Perché la Moldavia teme un'invasione russa
Mosca ha due armi per fare pressione: l'energia e una rete di politici pronti a destabilizzare
«La domanda non è più se la Russia tenterà o meno un’invasione in Moldavia, ma quando lo farà» ha dichiarato lo scorso 19 dicembre il capo dell’intelligence di Chișinău Alexandru Musteata. In caso di attacco, i russi potrebbero usare gli armamenti conservati a Cobasna, il più grande deposito di munizioni d’Europa situato nell’enclave filorussa in Transnistria, e dunque già controllato dai soldati di Mosca.
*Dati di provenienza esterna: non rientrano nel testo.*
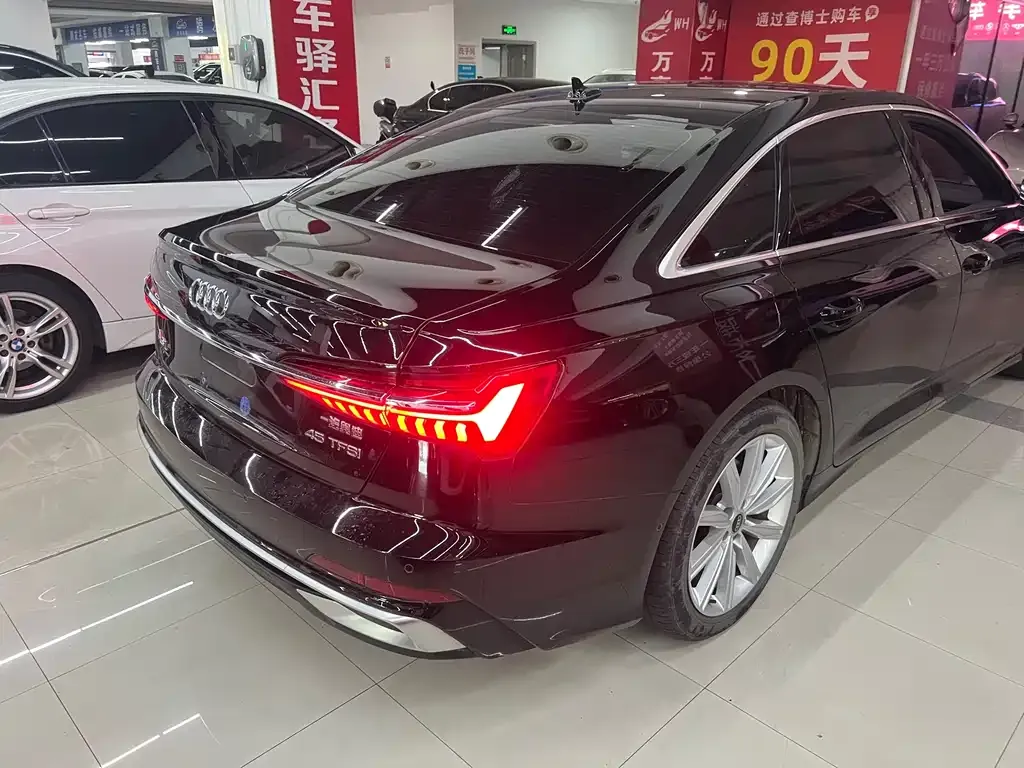 Audi A6L 2024 из CN, фото 6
Le parole di Musteata fanno eco a quelle del ministro degli Esteri ucraino Dmytro Kuleba, per cui la Russia starebbe organizzando una nuova offensiva su larga ad inizio del prossimo anno.
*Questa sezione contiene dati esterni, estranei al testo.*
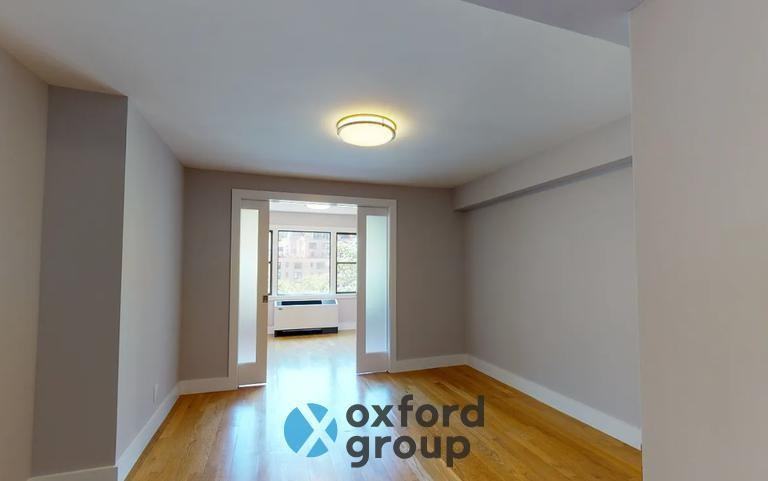 333 E 51st St - Photo 7 of 8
I destini di Moldavia e Ucraina si sono intrecciati con l’arrivo dell’inverno: in due occasioni resti di missili sono caduti sul territorio moldavo a seguito dei bombardamenti russi contro le infrastrutture energetiche di Kyiv, i quali a loro volta hanno costretto la piccola repubblica a forti razionamenti e massicce interruzioni sul modello ucraino. Da una parte la Russia impedisce l’approvvigionamento dall’Ucraina, da cui la Moldavia dipende per il 30 per cento delle importazioni di elettricità, dall’altra ha tagliato bruscamente sia l’afflusso di gas sia la produzione nella centrale del Dniester, controllata dalle autorità della Transnistria e de facto da Mosca. Si tratta di un pericoloso ricatto energetico al paese, che lo scorso 23 giugno ha ricevuto lo status di candidato all’Unione europea, nel tentativo di aumentare i problemi della popolazione e delegittimare l’attuale governo filoccidentale. «L’obiettivo è chiaro: influenzare le nostre scelte geopolitiche» ha detto il vice primo ministro Andrei Spinu, anticipando a DW la volontà del governo di fare causa a Gazprom per violazione dei contratti sottoscritti con Moldovagaz, dopo gli improvvisi tagli alle forniture in autunno. Già un anno fa c'erano state tensioni tra la Moldavia e Gazprom: la Transnistria stava ritardando di proposito i pagamenti a Moldavagaz e Gazprom aveva poi richiesto pagamenti anticipati, aumentando ulteriormente la pressione sull’esecutivo e costringendo Chișinău al primo stato di emergenza sulla questione energetica. In un anno, i prezzi di elettricità e gas sono aumentati rispettivamente di quattro e sette volte. La presidente Maia Sandu, in un’intervista alla Cnn, ha definito le strategie russe verso il suo paese come “hybrid warfare”.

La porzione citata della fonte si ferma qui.